For all his Cajun charisma and good cheer – Edwards once famously brought down the house by describing Republican rival David Treen as being “so slow it takes him an hour and a half to watch ‘60 Minutes’” – Edwards was beset by personal failures that tarnished his political legacy and burnished the state’s reputation as the zydeco coaster of governmental corruption.
He served eight years in federal prison – he proclaimed himself “a model prisoner” – for a racketeering conviction in which he wheasled a $400,000 bribe from former San Francisco 49ers owner Eddie DeBartolo for help in obtaining a riverboat casino license from the state.
When the multi-millionaire DiBartolo pleaded guilty to not reporting the extortion, Edwards said: ''If I had victimized him, I would have done it for a lot more than $400,000.”
While Edwards was the ultimate horse-trading politician, Kirby Ducote, one of the Archdiocese of New Orleans’ two main lobbyists during his tenure, said the governor’s dealings with the Catholic Church were always amiable and above board.
Ducote worked with former Clarion Herald editor Emile Comar as head of a nonprofit group called Citizens for Educational Freedom (CEF), which advocated for public support for parochial and private schools based on the argument that those schools greatly relieved an educational burden on the state.
“We were involved with him when he ran for governor for the first time in 1972, and he was very receptive to what CEF was talking about,” Ducote, 90, recalled.
Edwards even agreed to then-Archbishop Philip Hannan’s request to have a regular lunch with the state’s Catholic’s bishops – usually right before the upcoming legislative session – to discuss issues that might impact the ministry of the church, such as education and social work through Catholic Charities.

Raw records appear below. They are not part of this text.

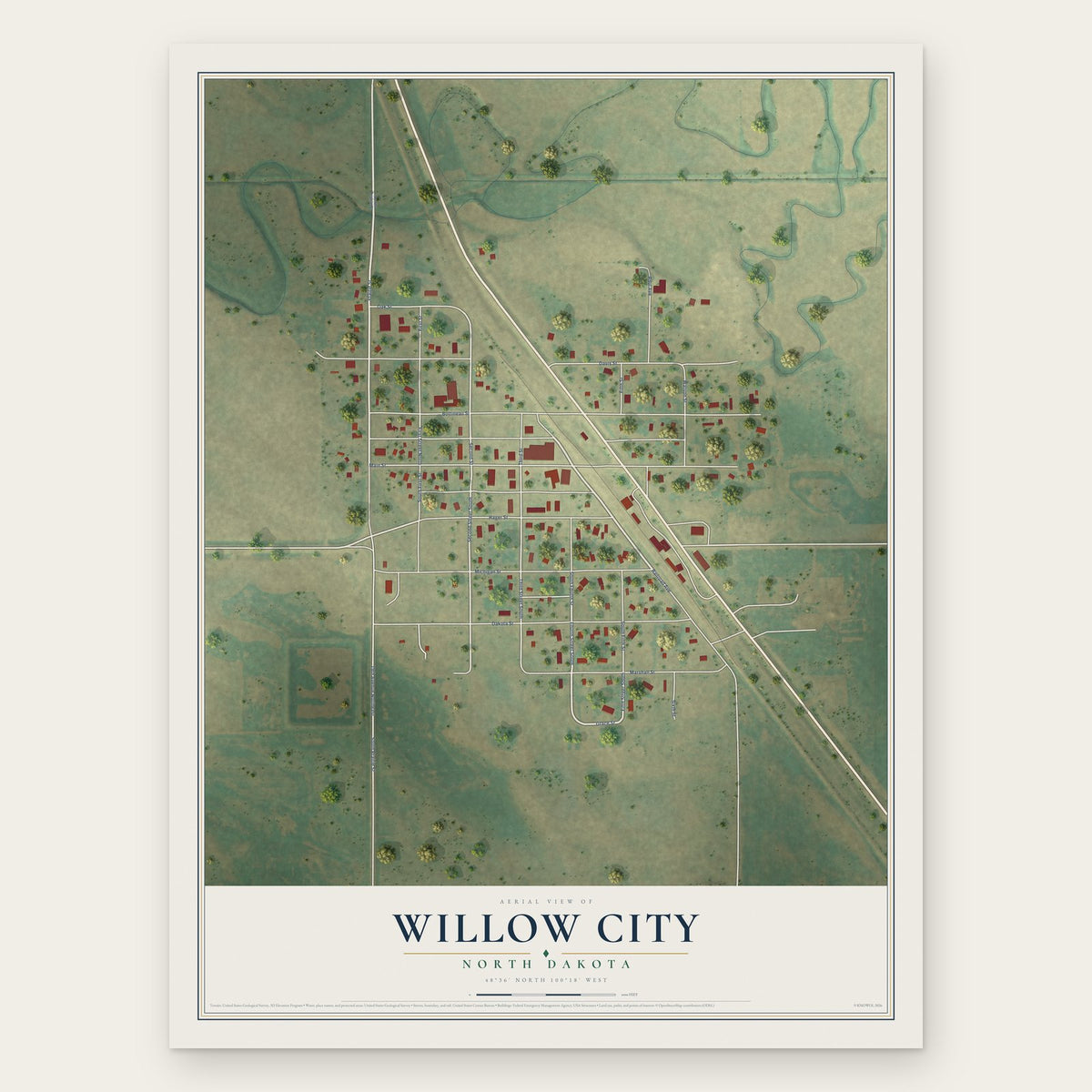 Willow City, North Dakota map print, the full design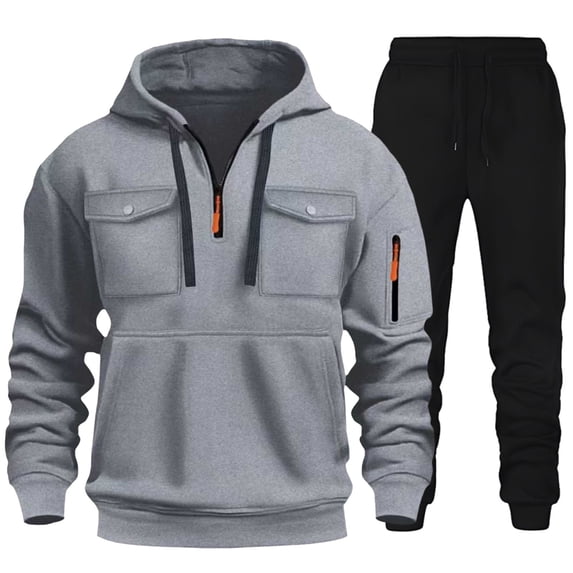 Curuila Mens Sweatsuits 2Pcs Sets With Pocket Half Zip Long Sleeve Solid Color Hooded Sweatshirt With Sweatpants Spring Autumn Fashion Tracksuit Size M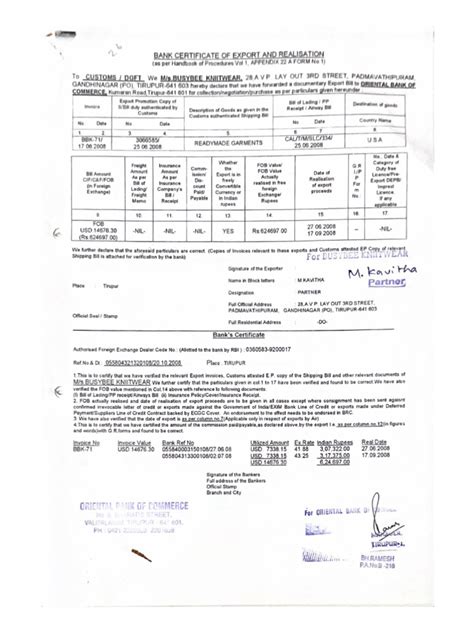 Bank Realization Certificate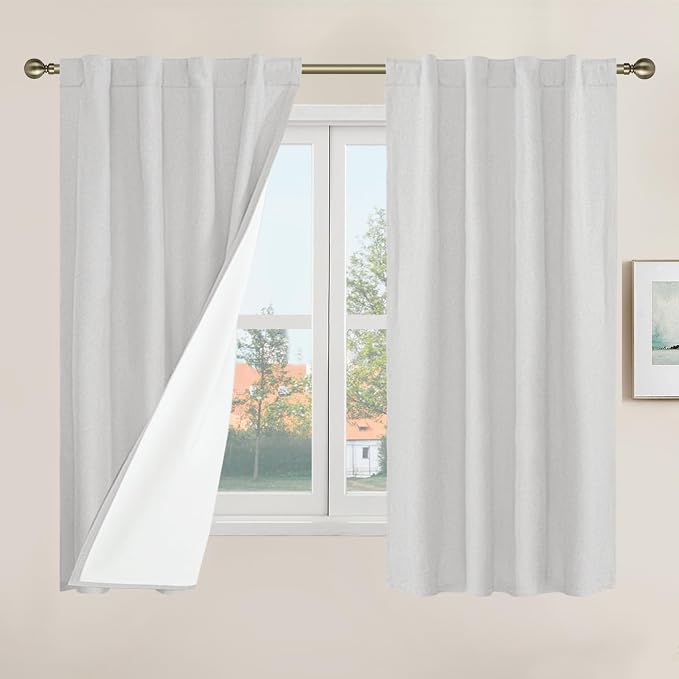 Short Window Linen Curtains 48 Inch Length 2 Panels, Light Grey | 100% Blackout Curtains, Linen Textured, Thermal, Panels for Bedroom, Rod Pocket Back Tab, with White Liner, 34 x 48 Inch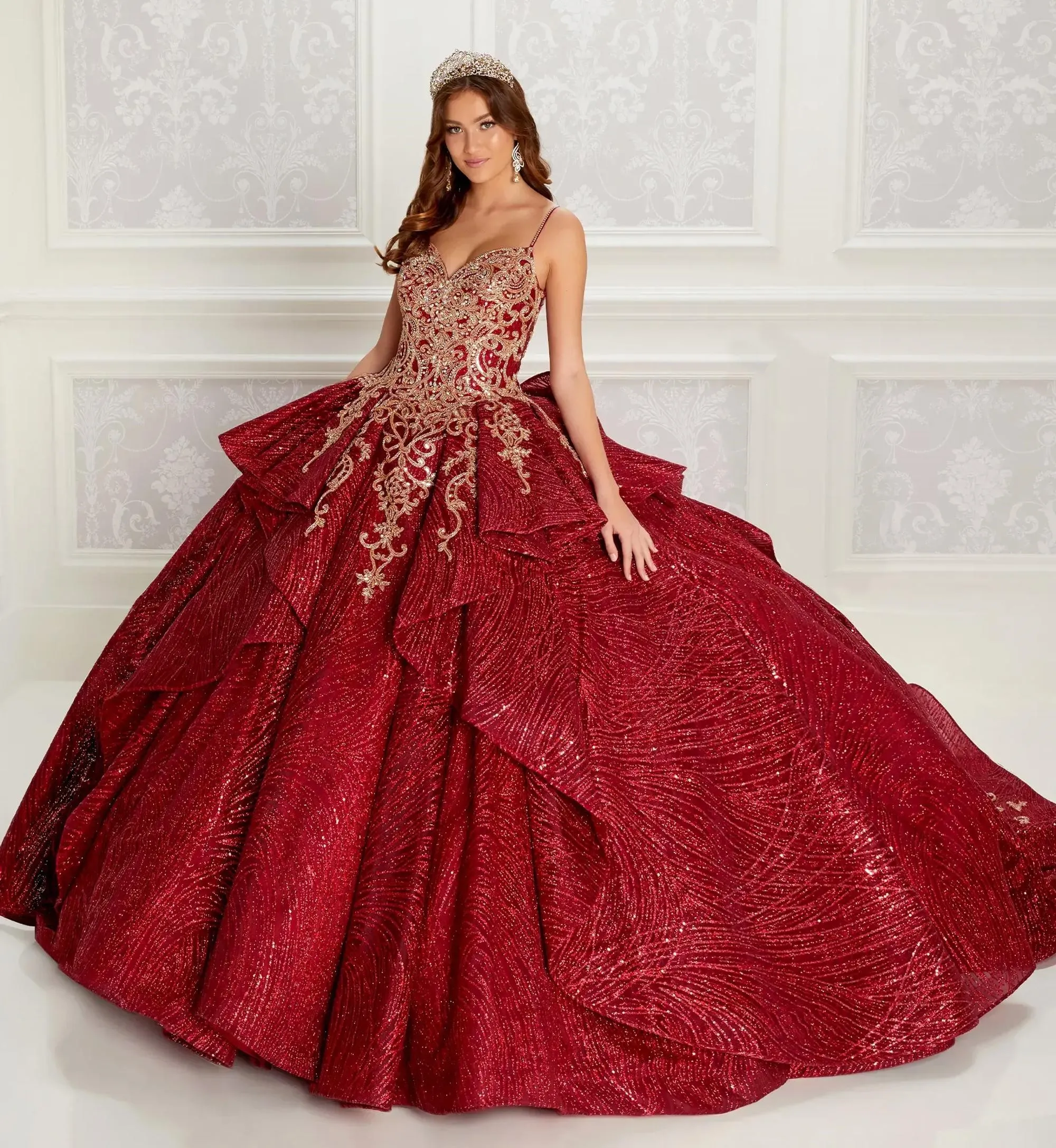 Burgundy Quinceanera Dresses Ball Gown Spaghetti Straps Appliques Puffy Mexican Sweet 16 Dresses Charro 15 Anos Customized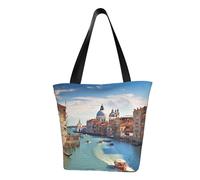 MMSJSBVY Grande borsa shopping bag da donna Canal Grande in Italia, grande capacità, adatta per shopping, gite in spiaggia e fitness, Canal Grande in Italia, Taglia unica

“Hannan would do the talking, and Edwards would say what he could do and what he couldn’t do or what he wouldn’t do,” Ducote said. “So we knew pretty much prior to the session if we would have someone opposing it – namely, the governor. It worked out fine. The governor and the archbishop got along very well.
“Edwards could charm anyone. But when he told you something, you could pretty much take it to the bank and believe it.”
The moment of truth for church-state relations came in November 1991, when the choice for governor amazingly came down to Edwards or former Ku Klux Klan Grand Wizard David Duke. Duke placed his campaign signs 20 feet up on telephone polls so that they would not be easily removed.
The biggest billboards, however, came from those pushing the lesser of two evils: “Vote For the Crook. It’s Important.”
“My feeling was that Edwards was going to eat Duke alive,” Ducote said. “There was no chance that I thought David Duke would win. Edwards won in a landslide.”
In 1978, the National Catholic Educational Association gave Edwards the Presidential Award for his strong support of Catholic education in Louisiana during his first two terms as governor. Edwards had been strongly supportive of state funding for textbooks, school supplies, bus transportation and continuing education.
Ducote said there were few politicians in his 50 years dealing with state lawmakers who had Edwards’ clout, bravado and communication skills.
“He came from Avoyelles Parish, and those people up there know how to talk,” Ducote said, laughing. “They get along with people, and that’s the way he was. Edwin Edwards was the most interesting politician I ever met.”